The proportion of grass versus browse in the diet reflects their availability and their nutrient value and changes with season. While a wide variety of plant species may be included in the diet, often a relative few make up the bulk of the diet.

An examination and description of the african elephant

African elephants eat grass, foliage, bark and twigs from trees, herbs, shrubs, roots and fruit. B Foods eaten appears to vary seasonally: B Elephants may push trees over to access edible leaves and twigs; this can modify habitat over large areas.

B A study of the stomach contents of African elephants found that the average composition was: In the dry season when the grasses have dried up, they eat woods parts of trees and shrubs. Other food items include roots, and, when available, flowers and fruits. In the dry season the nutrient quality of grass is decreased, but that of leafy browse is higher, since many trees and shrubs flower and come into leaf at this time.

It was noted that the diet was low in protein from July to late September or early October when the grass flushes. Often woody vegetation was stripped of leaves without the stems being taken.

In the wet season the leaves and flowers are taken; in the dry season leaf bases and roots of tussock grasses are eaten.
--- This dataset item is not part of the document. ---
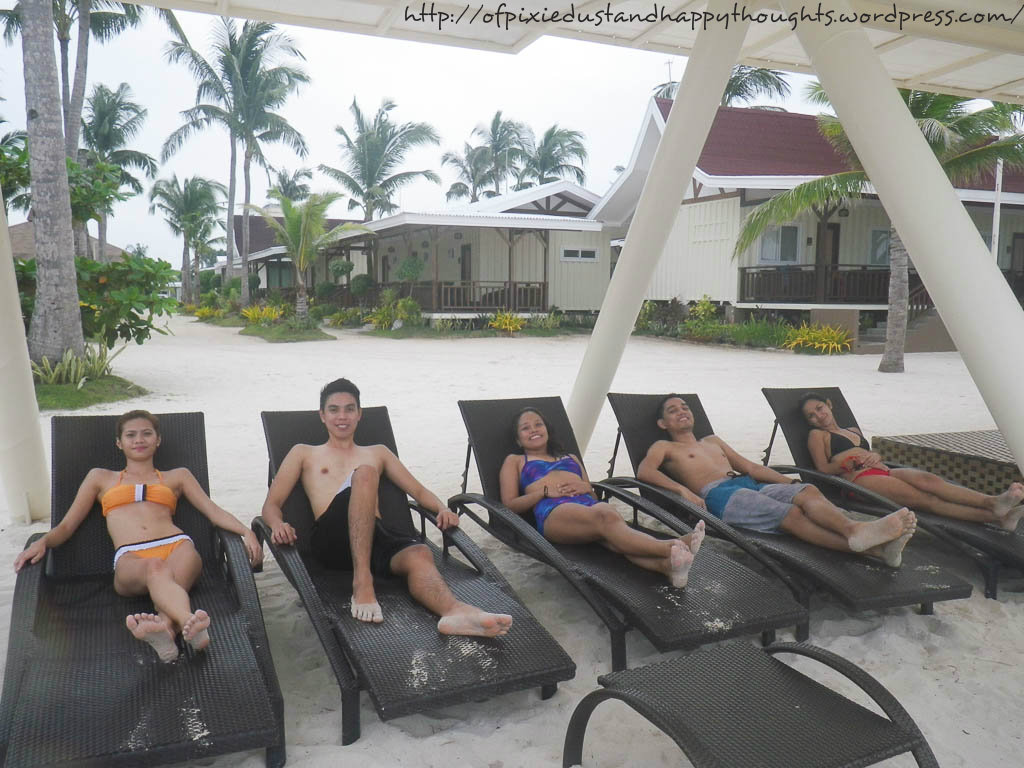 anika-resort-bantayan-island-beachfront-sunbeds-cebu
Combretum binderianum was commonly present.

Roots of papyrus probably mainly young roots are eaten when the parts of the plants above the surface have died.

  1. Males and females both possess two glands that open between the eye and ear. At birth an elephant has two or three pairs of cheek teeth in each jaw.
  2. African elephants have two such extremities one above and one below ; Asian elephants have one. The elephantidae elephants and mammoths the tusks are gently curved upwards but are smaller than the african elephant's, and the ears are smaller as well.
  3. While a wide variety of plant species may be included in the diet, often a relative few make up the bulk of the diet.
  4. Where food is plentiful, the groups join together. B Foods eaten appears to vary seasonally.
  5. Rumbling sounds initially thought to be caused by intestinal activity are now known to be produced by the voice box larynx and are considered to be similar to purring in cats.

Roots of reeds such as phragmites are also eaten. Grasses consumed included Sporabolus pyramidalis and Hyparrhenia sp.

During the period August to May, in a long grass area, the diet contained grass In both areas, but particularly in the short grass area, browse consumption increased in the dry season. It was noted that some browse was eaten in the long grass area even when some effort would have been required to find it, while in the short grass area, grass remained the dominant part of the diet even when browse was readily available and could have been eaten exclusively.

  • Stomach contents, however, are acidic and would irritate the skin;
  • Migration Elephants migrate seasonally according to the availability of food and water;
  • African elephants eat grass, foliage, bark and twigs from trees, herbs, shrubs, roots and fruit.

An additional function may be adsorption of toxic secondary plant compounds such as phenols in browse, with some soils chosen having high levels of kaolin e.